Lymph nodes were fixed in 4% paraformaldehyde and immersed in 30% sucrose before being embedded in OCT compound (Tissue-Tek). Tissues were cut via microtome (Leica) into 12–20 μm sections and mounted on Superfrost Plus slides. Sections were stained as described previously (Rankin et al., 2013) using described antibodies (Key Resource Table). Images were acquired using a LSM780 confocal microscope (Carl Zeiss MicroImaging). The acquisition software was Zen Black 2012 and images were quantified with ImageJ (NIH).

Enzyme-linked immunosorbent assay (ELISA)

Antibodies for detection of total serum are listed (Key Resource Table). 96-well flat-bottom ELISA plates (Sarstedt) were coated with 75 μL per well of respective unlabeled coating antibody (diluted in PBS) 4°C overnight. Plates were blocked with PBS 1% BSA at room temperature for 1h. Plates were washed three times with PBS Tween20 and dH2O. Samples and standards were added to the wells and blank wells were included (PBS 1%BSA). Plates were incubated for 2–4h at 37°C before being washed three times. Secondary antibody, HRP (horseradish peroxidase) diluted in PBS 1%BSA was added and incubated at 37°C for 2h. The plates were then washed five times and 100 μL of OPD (o-phenylenediamine dihydrochloride) substrate solution (ThermoFisher Scientific) was added and plates incubated room temperature in the dark for 10–30 minutes to develop. OD values were read at 405nm using a plate reader (BMG Labtech) and the data was evaluated using MARS (BMG Labtech).

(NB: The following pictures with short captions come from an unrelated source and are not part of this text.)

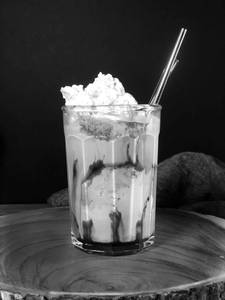 Irish cold coffee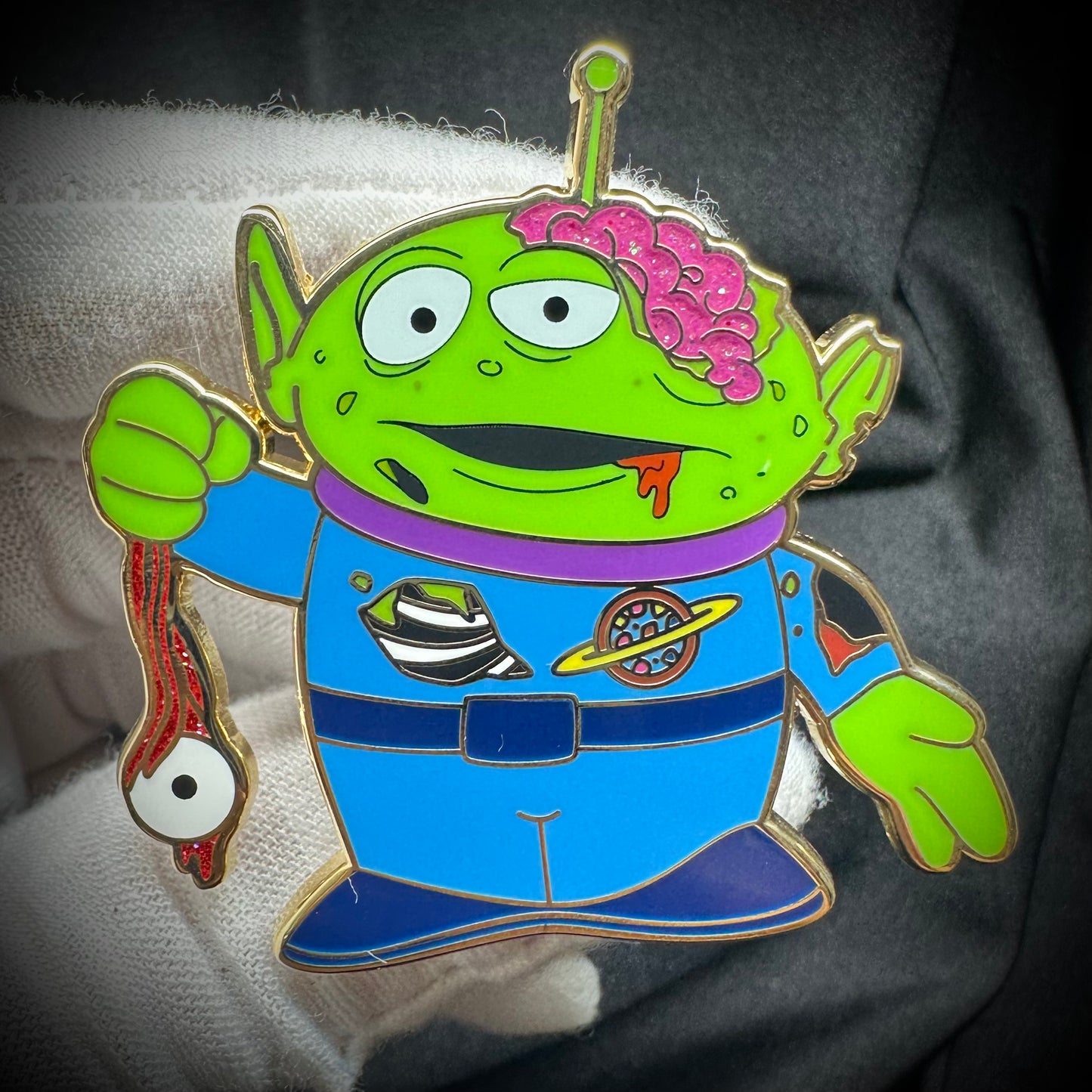 Magically Horrific™ Zombie Alien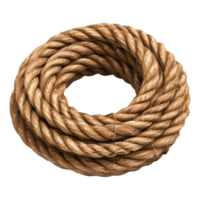 AI generated 3D Rendering of a Plastic Rope on Transparent Background - Ai Generated png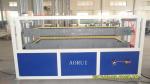 WPC Plastic Profile Production Line , WPC Wood Plastic Profile Extrusion Line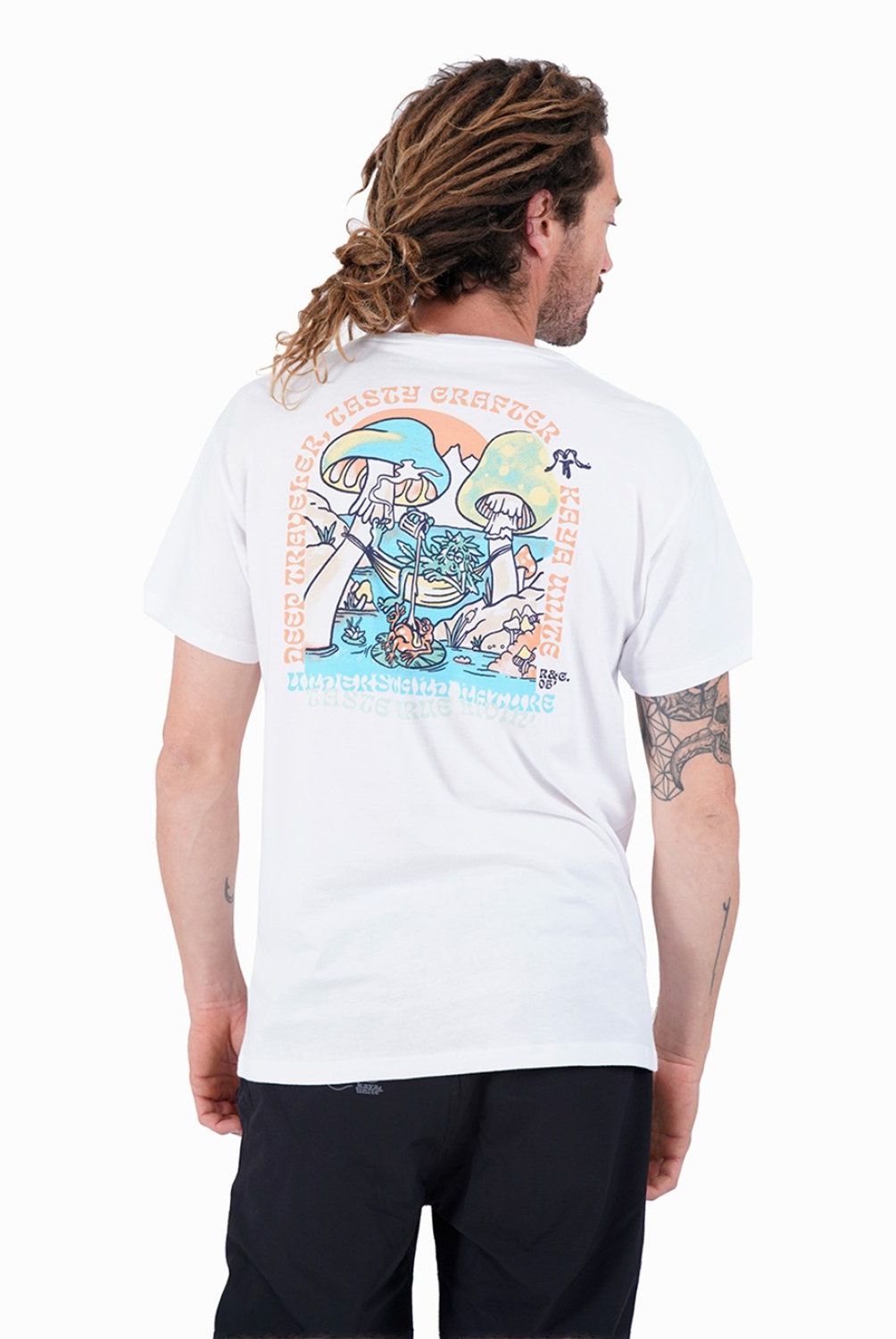 KAYA UNITE - Polera Hombre Manga Corta Algodón Kaya Unite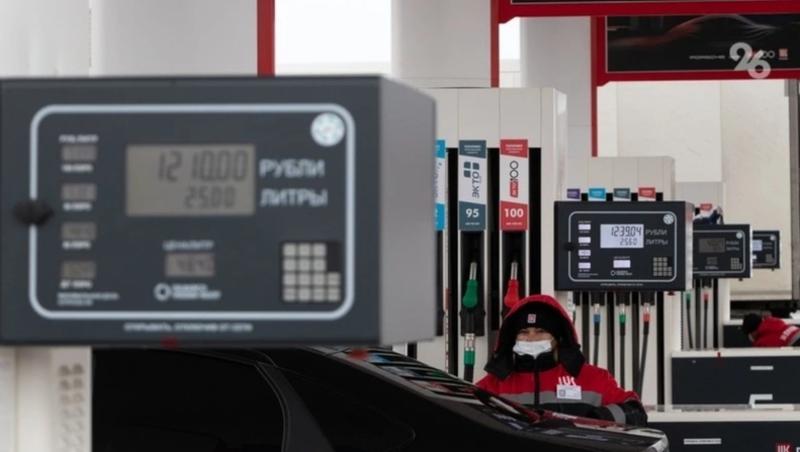 Средняя цена бензин АИ-92 упала до 63 рублей на Ставрополье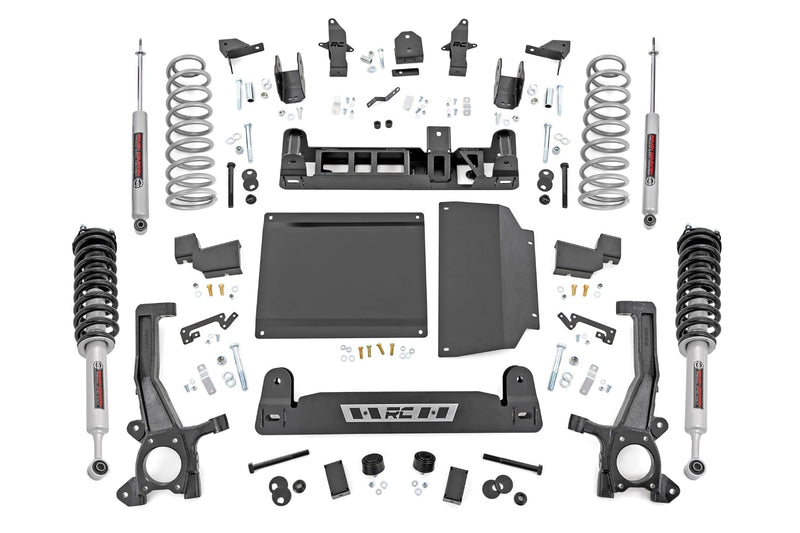 6 Inch Lift Kit | N3 Strut | Rear Coil | Toyota Tundra 4WD (2022-2026)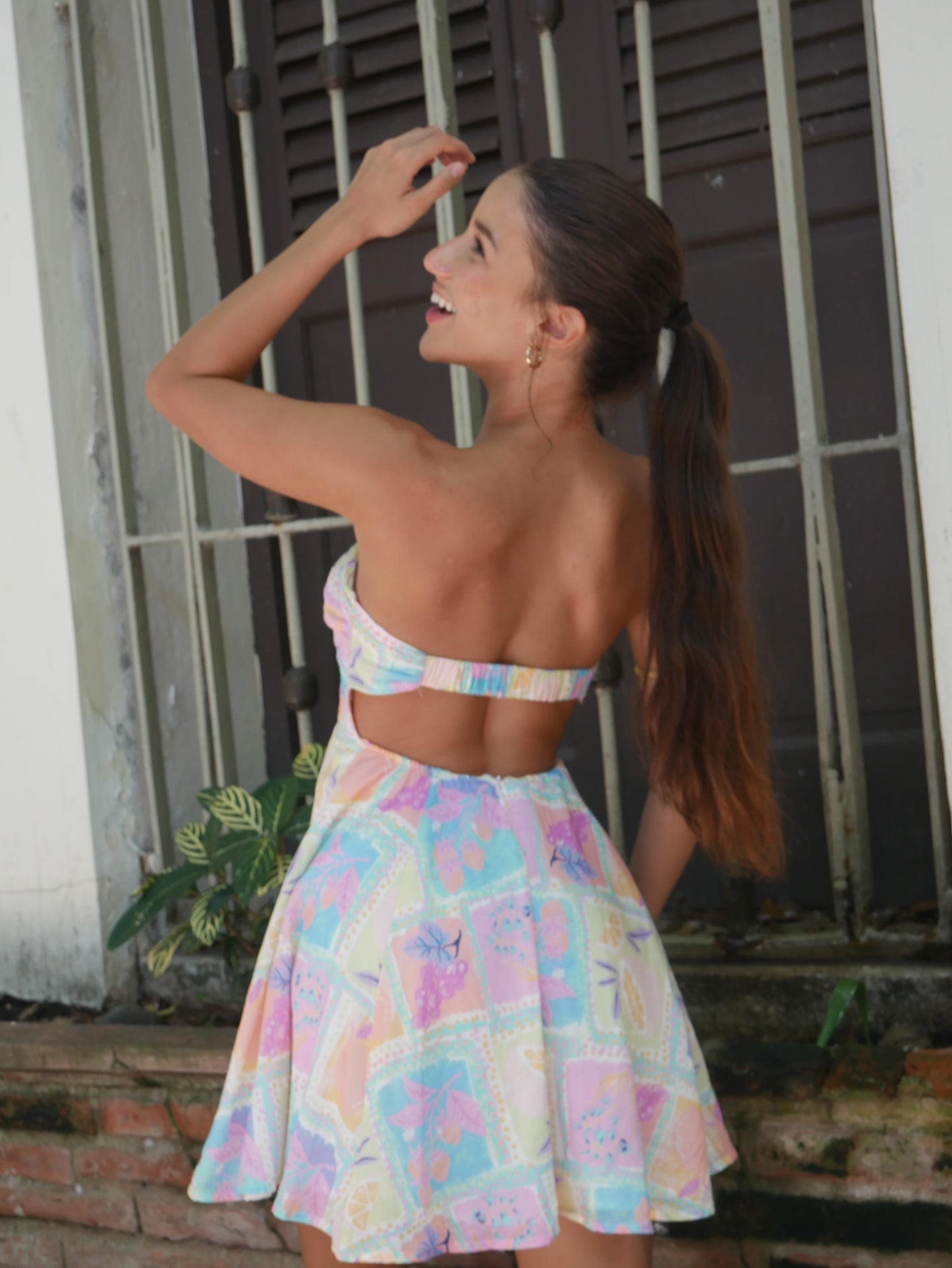 FRUTAS DRESS
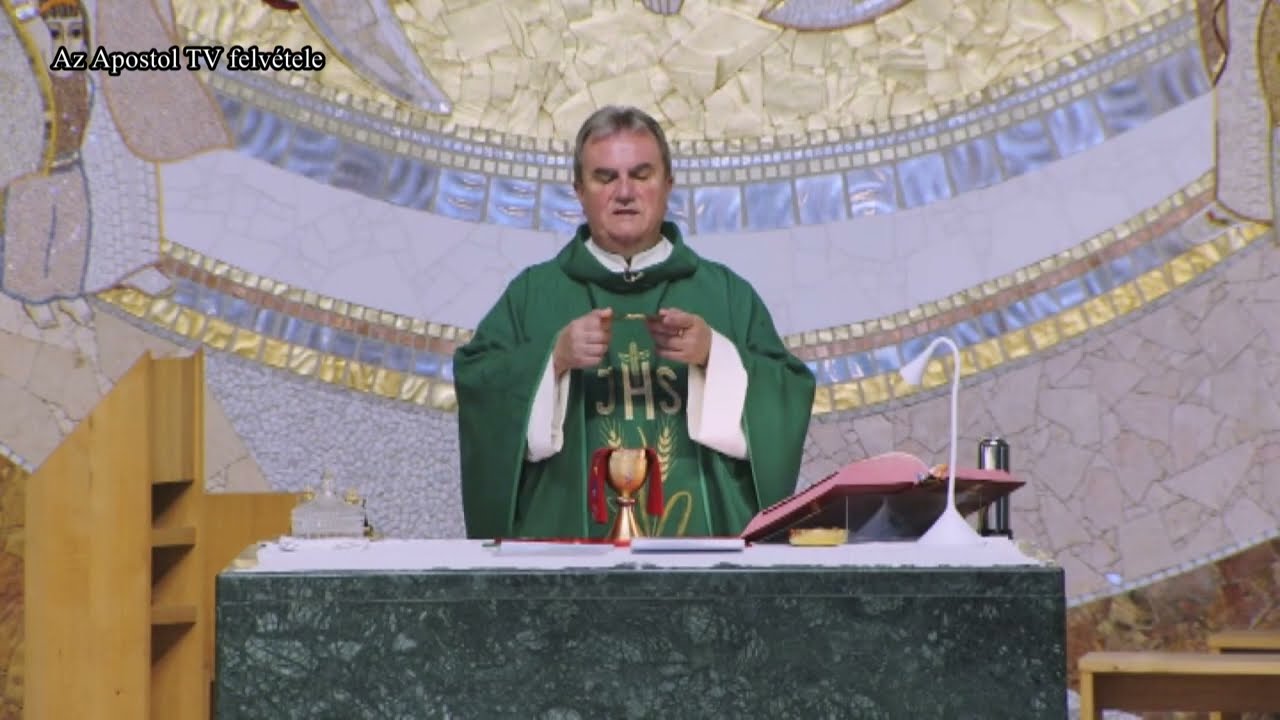 szentmise 2024 augusztus 12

QUANTIFICATION AND STATISTICAL ANALYSIS

Flow cytometry was analyzed using Flowjo (Treestar) and statistical significance was determined using the paired (for chimeric experiments) or unpaired (two-tailed) Student’s t test. For ELISA, differences between the groups were analyzed using the MannWhitney non-parametric two-tailed test with a 95% confidence. All experimental data is presented as mean ± standard error of the mean (SEM) with statistical analysis performed using Prism 7 (GraphPad Software).